Exercise: Write out the data again exactly, skipping every picture.

Records provided:
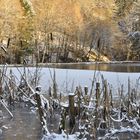 Winter im Kaltbachtal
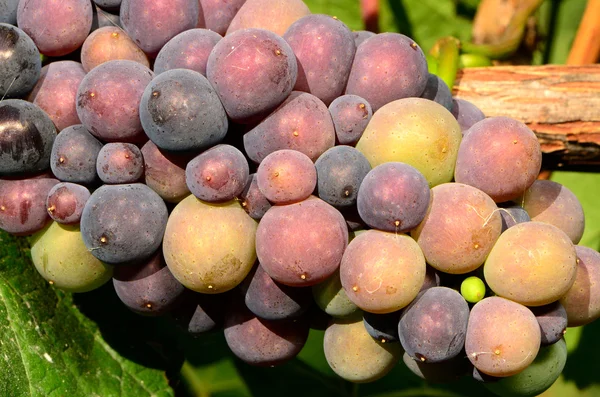 Henry Grapes — Stock Photo, Image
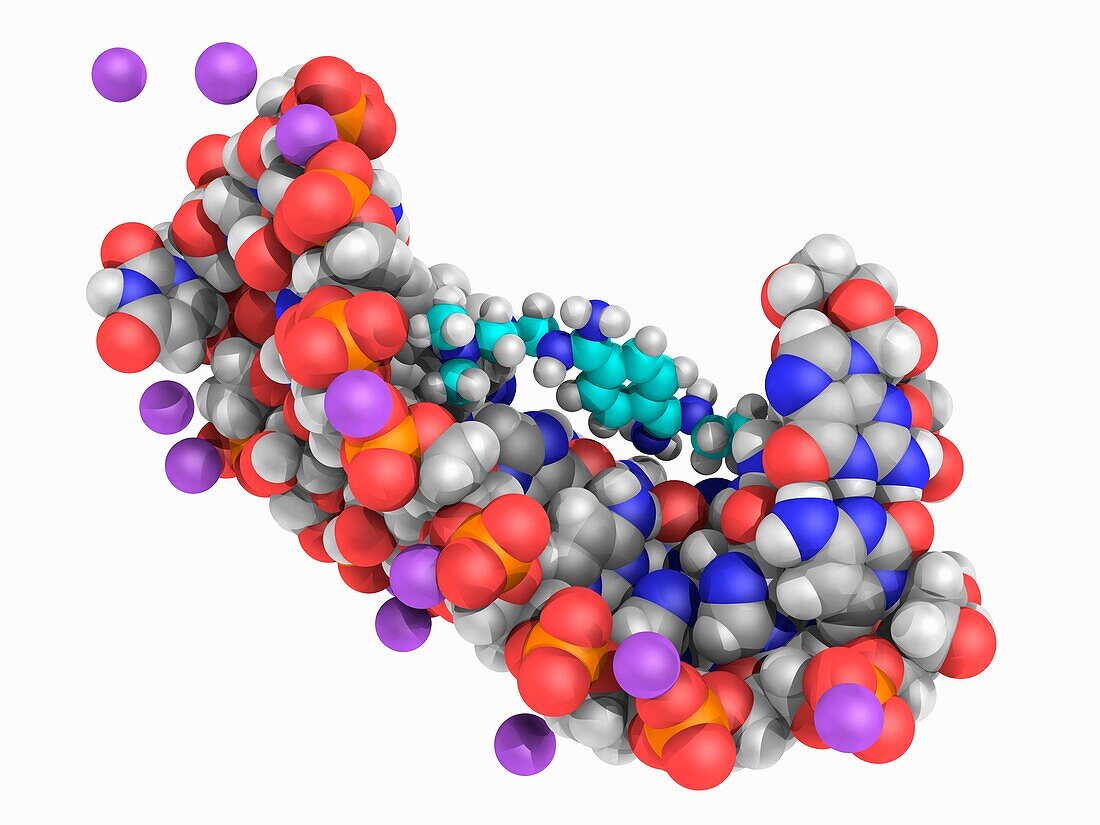 CAG RNA complexed with DB213, molecular model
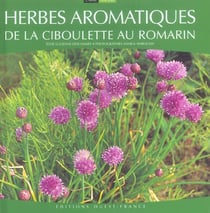 Herbes aromatiques - de la ciboulette au romarin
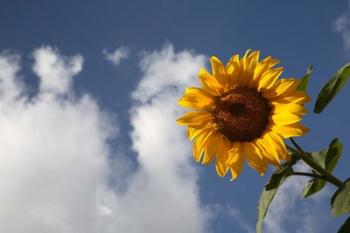 Sunflower field in Loire Valley France | Obraz na stenu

Response to the exercise:
 Winter im Kaltbachtal
 Henry Grapes — Stock Photo, Image
 CAG RNA complexed with DB213, molecular model
 Herbes aromatiques - de la ciboulette au romarin
 Sunflower field in Loire Valley France | Obraz na stenu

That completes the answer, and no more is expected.